Palestinian peace activist Ali Abu Awwad shared the stage with an Israeli settler on May 28 as part of his ongoing attempt to accomplish what some might consider the unbelievable.
“I couldn’t imagine that one day, I would be standing next to a settler, talking about any hope,” he said, “but sometimes we don’t reach solutions in life because we believe that we can’t do them.”
Listen to their stories – story continues after the video.
Awwad, who teaches nonviolent resistance as a means for pursuing peace, was joined by Zionist settler and Orthodox Rabbi Hanan Schlesinger. Together, they headlined the Painful Hope Tour, which took place at the Pico Union Project near downtown Los Angeles.
Schlesinger, who divides his time between Texas and the West Bank settlement Alon Shvut, serves as the founder and executive director and community rabbinic scholar for the Jewish Studies Initiative of North Texas. He is active in promoting peace initiatives in Texas and Israel.
He and Awwad are part of Friends of Roots (friendsofroots.net), a collaborative effort between Jews and Palestinians in the West Bank.
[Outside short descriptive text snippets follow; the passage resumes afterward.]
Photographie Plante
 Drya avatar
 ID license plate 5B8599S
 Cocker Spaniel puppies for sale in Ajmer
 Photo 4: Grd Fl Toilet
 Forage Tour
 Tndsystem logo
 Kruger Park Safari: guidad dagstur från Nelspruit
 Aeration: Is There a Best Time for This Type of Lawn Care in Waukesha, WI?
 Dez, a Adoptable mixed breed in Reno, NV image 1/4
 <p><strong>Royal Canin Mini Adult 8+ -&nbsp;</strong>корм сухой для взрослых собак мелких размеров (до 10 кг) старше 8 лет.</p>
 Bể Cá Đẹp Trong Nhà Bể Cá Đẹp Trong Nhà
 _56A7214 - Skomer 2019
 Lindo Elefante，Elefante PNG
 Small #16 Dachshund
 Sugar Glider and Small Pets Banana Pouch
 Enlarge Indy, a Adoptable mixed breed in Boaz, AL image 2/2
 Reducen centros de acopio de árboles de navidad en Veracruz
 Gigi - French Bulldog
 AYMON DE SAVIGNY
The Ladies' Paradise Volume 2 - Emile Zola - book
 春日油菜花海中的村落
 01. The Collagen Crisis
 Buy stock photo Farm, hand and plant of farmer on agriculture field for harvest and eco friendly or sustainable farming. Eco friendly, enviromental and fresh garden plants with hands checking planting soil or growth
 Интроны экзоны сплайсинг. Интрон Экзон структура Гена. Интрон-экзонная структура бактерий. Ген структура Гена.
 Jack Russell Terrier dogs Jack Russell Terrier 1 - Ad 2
It brings together local children from both sides of the conflict through after-school programs and summer camps that promote fun and friendship. Friends of Roots also runs a leadership program that unites 65 Israeli leaders who dedicate their lives to tolerance education.
Schlesinger told his story first during the local event: Born and reared in Israel, he found a profound disconnect between Israelis and Palestinians. He talked about the first time he left his settlement and ventured over to see Awwad after previously meeting at an event in the United States.
“Until a year and a half ago, I’d never met a Palestinian,” he said. “I opened the front door and walked 20 minutes to the Palestinian vineyards, fields and orchards that surround my house to meet the neighbor that, until then, didn’t exist for me.”
As for Awwad, he told the audience about how, before turning to nonviolence, he was sentenced to 10 years in prison for being part of a militant cell as a young man. Three years into his sentence, he held a hunger strike, demanding to see his mother, who was also detained. It was then that he realized nonviolence was far more effective than its alternative. His sentence was reduced, and he was released after the Oslo Accords.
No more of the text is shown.